‘Good Stuffy Eatery’
courtesy of ‘acaben’
It’s no big secret that many people consider Spike Mendelsohn to be the golden boy of Washington restaurants. Whether or not these people live in Washington is another story. Vanity Fair has just come out with their “Next Establishment” List, a sort of JV list to the Vanity Fair 100, and has named Spike as number twenty-five. He’s among such business superstars as Tory Burch, Bonnie Hammer (President of NBC Universal Cable Entertainment), and Tim Westergren (CEO of Pandora) on a list Vanity Fair bills as full of folks “doing some empire building of their own.”
Do two casual restaurants an empire make? Spike has been saying, essentially since opening the first Good Stuff Eatery two years ago, that he would be expanding all over D.C. and beyond. But after a fair amount of false starts (rumors of Adams Morgan, Georgetown, Dupont Circle and Union Station outposts never came to fruition), he still just has the one Good Stuff Eatery and the new We, The Pizza next door.

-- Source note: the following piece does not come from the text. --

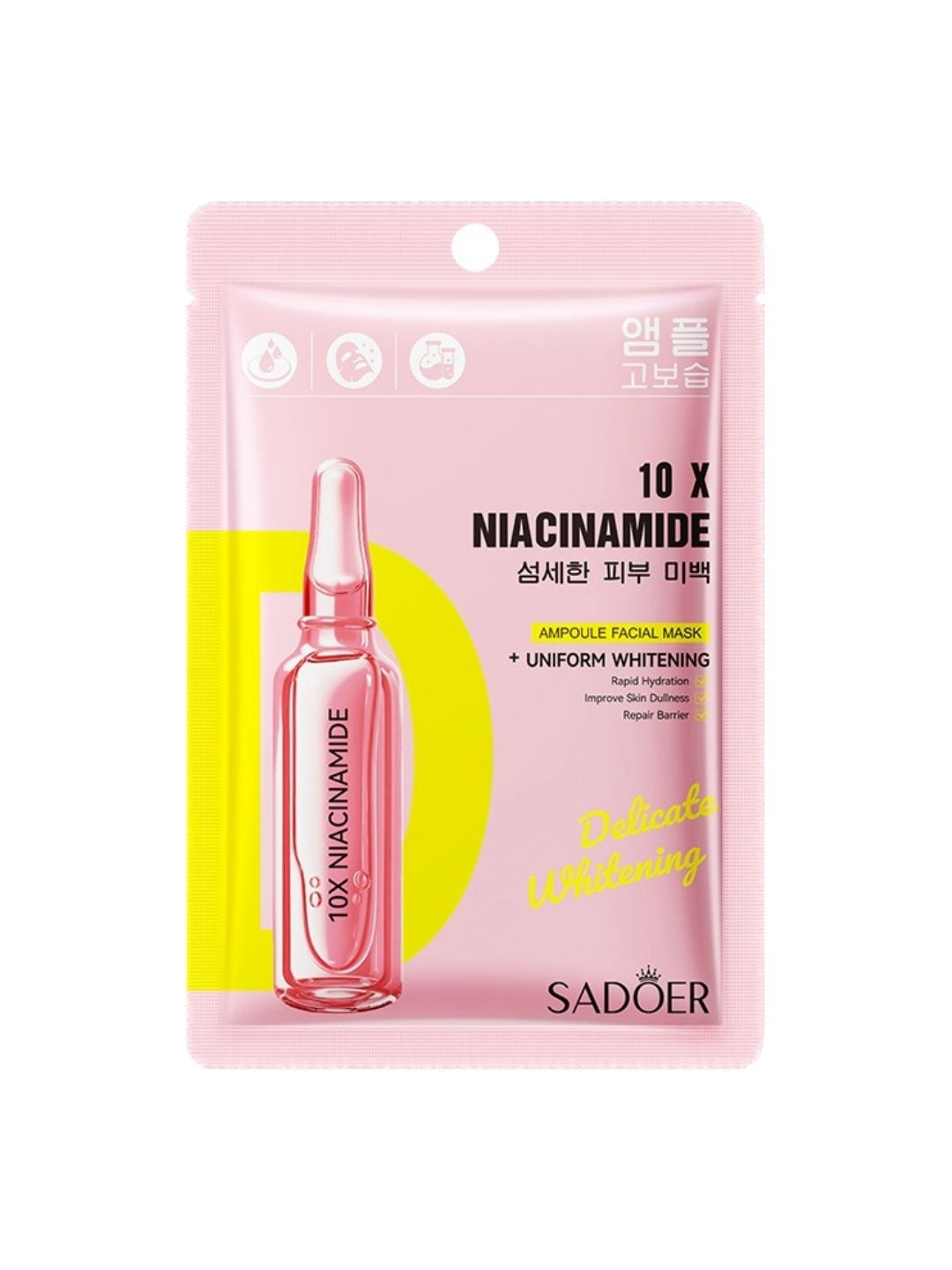 Тканевая маска BIOAQUA 10x Niacinamide Mask  , 25мл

Now don’t get this gal wrong, opening two successful restaurants is no easy feat. But is it an empire? And is Spike, as Vanity Fair puts it, “[close] to owning the Hill’s dining scene?”

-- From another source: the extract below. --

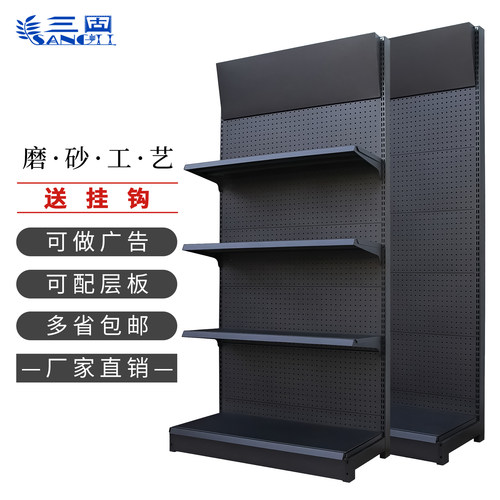 三固货架手机配件超市便利洞洞板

Agreed. The Vanity Fair article is absurd. I love Good Stuff, for sure, but the media should tone down the hyperbole.
I hate to be a spoilsport, but I just can’t stand Good Stuff. The milkshakes there are the only keepers. For my money, I’d go to Ray’s the Steaks, and for the burger, I’d rather hit Five Guys than deal with Good Stuff.
Haven’t been to We, the Pizza yet, but I can’t say that Good Stuff has paved the way for me to want to.